Manage Generative AI Before It Manages You
When it comes to AI, governance and risk management should remain top priorities as IT leaders are being inundated with requests for how best to implement the technology.
This was originally published May 2023
The meteoric rise of generative AI — particularly the adoption of OpenAI's ChatGPT — is putting immense pressure on IT leaders to quickly determine how best to harness the technology effectively and safely for their organizations.
Generative AI holds tremendous potential to disrupt productivity across your entire organization. As such, investing in or building AI and analytics solutions that make better use of data remains a strategic priority — one we advise all our clients to focus on.
For now, generative AI should be treated with caution. Unless using a proprietary generative AI solution, the technology is not ready for critical or semi-critical enterprise use cases. Governance and risk management must be top of mind for IT leaders being inundated with requests for how best to implement the technology.
Remember, large language models (LLMs) do not understand, they predict. LLMs are neural networks that take massive amounts of data and synthesize it into probabilities of the next word, phrase or thought in a sentence. A good rule to keep in mind: generative AI is frequently wrong (even by its creators' own admission), but it is always confident.
You can think of generative AI as a highly skilled intern — a resource with great potential who still requires training, who needs to learn your company playbook and culture, and who must familiarize themselves with organizational structure and policies.
The potential is palpable: cost savings via automation, scalability that can handle large volumes of tasks and responsibilities, 24/7 availability, and a significant boost in productivity through efficiency. But the risks are just as powerful: the pervasive spread of misinformation, exposing sensitive data and information, ineffectiveness based on low data quality, and potentially high costs of ownership and operation.
How should you approach generative AI?
Governance and policy
First and foremost, you need to have a generative AI governance policy in place.

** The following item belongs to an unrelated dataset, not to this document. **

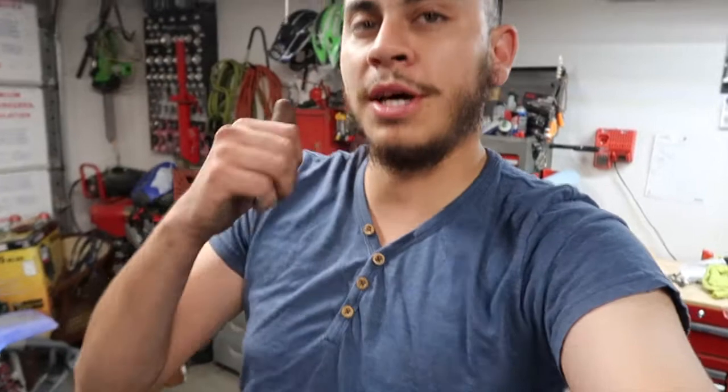Alright, that's pretty much it on how to change your spindle on a Yamaha Blaster. If you guys liked this video, don't forget to like and subscribe, give me that thumbs up, and hit the bell for notifications — because there are going to be plenty more videos on these Yamaha Blasters. I have a big surprise for you guys on the next video, and it's about another blaster. Thank you guys for watching — don't forget to like, share, and subscribe. Peace.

Even if it's preliminary in nature, you or your leadership team should be communicating with the rest of the organization about your evaluation of generative AI tools, such as ChatGPT, and provide specific guardrails or restrictions you expect to be followed while you continue to evaluate the technology's enterprise readiness.

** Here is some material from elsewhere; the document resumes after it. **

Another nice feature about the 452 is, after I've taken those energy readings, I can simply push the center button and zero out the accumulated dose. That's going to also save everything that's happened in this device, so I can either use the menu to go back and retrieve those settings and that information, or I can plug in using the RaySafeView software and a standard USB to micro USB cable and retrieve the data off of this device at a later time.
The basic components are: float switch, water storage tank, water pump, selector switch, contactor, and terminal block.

Your policy should emphasize that generative AI is a fast-moving area that shows promise and that your team will continue to evaluate it. While creating your policy, key considerations include:
- Is your data governance sufficient and thorough enough to support LLM use cases?

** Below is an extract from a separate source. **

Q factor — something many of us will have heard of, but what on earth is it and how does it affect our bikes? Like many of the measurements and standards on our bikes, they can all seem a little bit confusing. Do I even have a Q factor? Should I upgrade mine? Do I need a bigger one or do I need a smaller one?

- From an information security perspective, are the LLM options in consideration compliant with your policies?
- Can you explain how it works? If not, you can't fully articulate all the ways you can win and lose with the technology.
- The massive popularity of ChatGPT is likely creating "shadow AI" in your organization. Will IT control that? Can your IT teams own the education and user adoption processes?
- Be thinking about roadmaps for implementation, human-centered service design and automation vs. augmentation scenarios. Implementation dependencies include things like prompt engineering, guardrails, administrative rights, machine learning operations (MLOps) and APIs.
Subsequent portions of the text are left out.